Le 1er texte : https://comprendre-avec-rosa-luxemburg.over-blog.com/2023/03/karl-liebknecht-1904-pour-la-greve-de-masse-politique.cette-question-est-la-plus-actuelle-de-notre-politique-presente-et-future.html


Citations

"Les élections de 1903 ont dans une certaine mesure précipité vers la mort le parlementarisme formel. La social-démocratie, dont l’organisation et les campagnes d’agitation en Allemagne se sont depuis toujours essentiellement liées au  parlementarisme et aux élections législatives, a de plus en plus dû se rendre à l’évidence que l’espoir, existant malgré tout dans de larges cercles, d’obtenir des résultats significatifs par les succès électoraux, était trompeur."
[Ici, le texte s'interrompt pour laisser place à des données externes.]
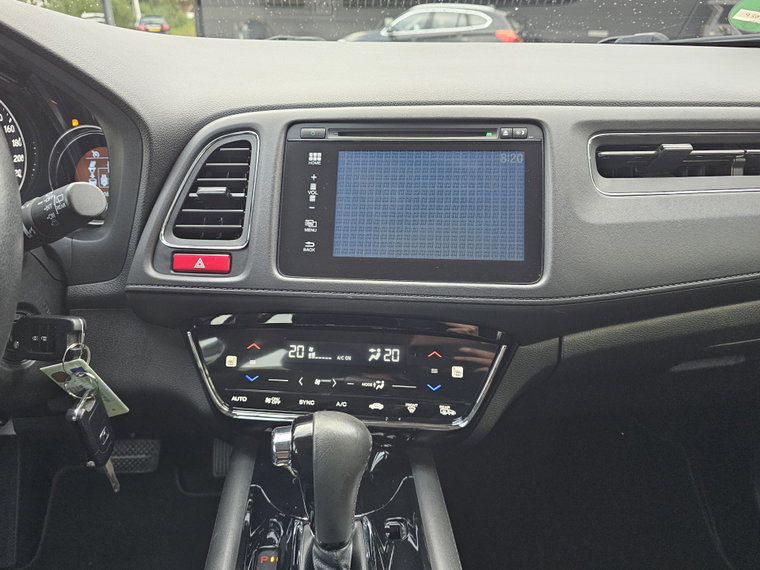 Vehicle Image 23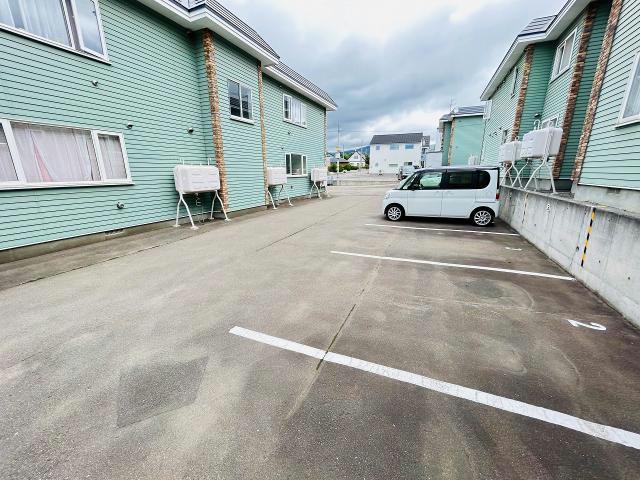 駐車場　駐車場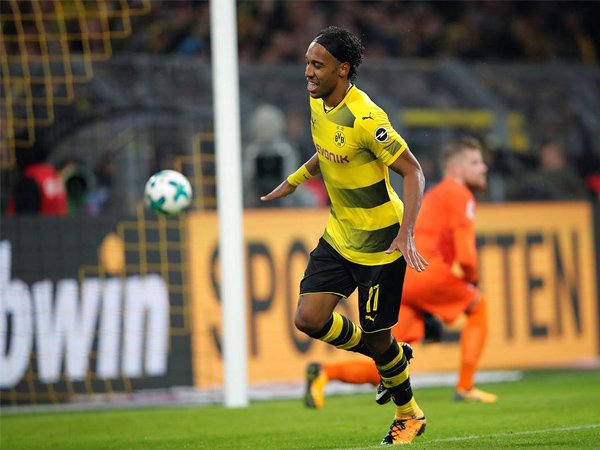 Hadapai Stutgart, Aubameyang Dicoret dari Skuat Dortmund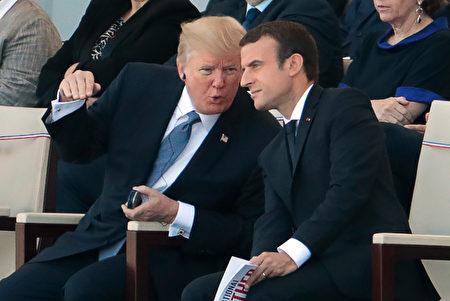 川普和马克龙在主席台上频繁互动。（JOEL SAGET/AFP/Getty Images）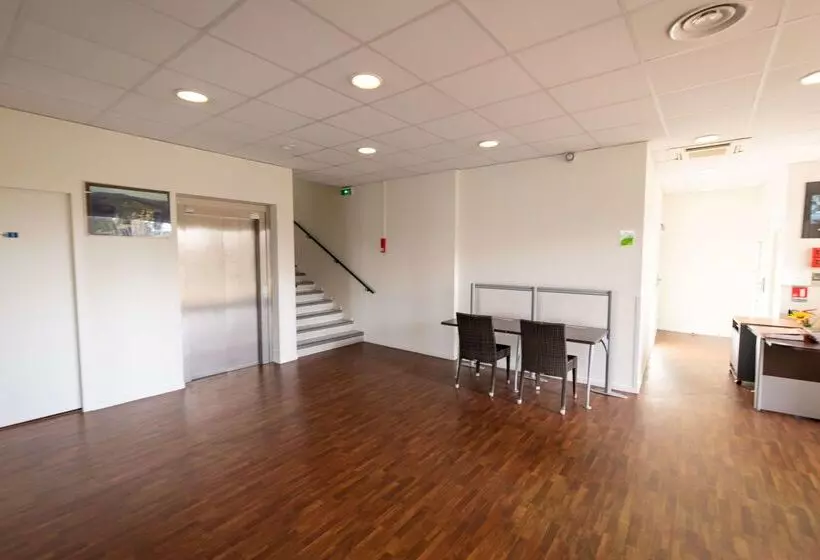 Hotel Campanile Narbonne A9/a61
"Il est complètement inexact de dire que faire la différence entre grève générale et grève de masse serait spécieuse. La première veut se substituer au combat parlementaire, la seconde en premier lieu le rendre possible en lui donnant un fondement solide, mais de plus constituer un moyen de lutte extraparlementaire indépendant pour protéger et gagner des droits essentiels."

"Legien dit que nous devrions dans certaines circonstances d’ailleurs remettre nos armes à l’épaule. Mais nous n’avons pas ces armes ; cependant le prolétariat lui a  ses bras et le pouvoir de les utiliser ou de les croiser."

"Il n'est pas vrai que nous puissions en toutes circonstances éviter une épreuve de force. Le cas peut se produire, où il nous faudra manifester notre force, dont nous faisons maintenant un usage exclusivement formel. Et nous y parviendrons sous la forme la plus percutante au moyen d'une grève de masse."

"Ce que le prolétariat peut mettre en œuvre pour 5 Pfennig de salaire, il doit pouvoir le faire pour ce qui lui est le plus sacré, ses droits fondamentaux ! Après que la révolution sous la forme de "jacqueries" a disparu, la grève de masse s’est développée organiquement à partir de la position et de la fonction du prolétariat dans l’ordre économique capitaliste, comme le moyen de lutte prolétaire spécifique dans presque tous les domaines de la lutte des classes."

"Certes, comme le souligne Schmidt, nous verrons lors de la grève politique beaucoup de renégats ; mais des milliers de prolétaires qui sont aujourd'hui éloignés de la lutte de classe nous rejoindront avec enthousiasme et volonté de sacrifice ; la lutte pour des buts élevés les emportera."

"Il n’y a c'est vrais jamais eu de police d’assurance pour les révolutions. Il faudrait d’abord l’inventer. Certes ! Le sang du peuple nous est précieux, mais les idéaux et les droits politiques du peuple ne nous sont pas moins précieux, et nous ne voulons pas nous les laisser voler sans résistance. La responsabilité de l'inaction  s'oppose à la responsabilité d'agir."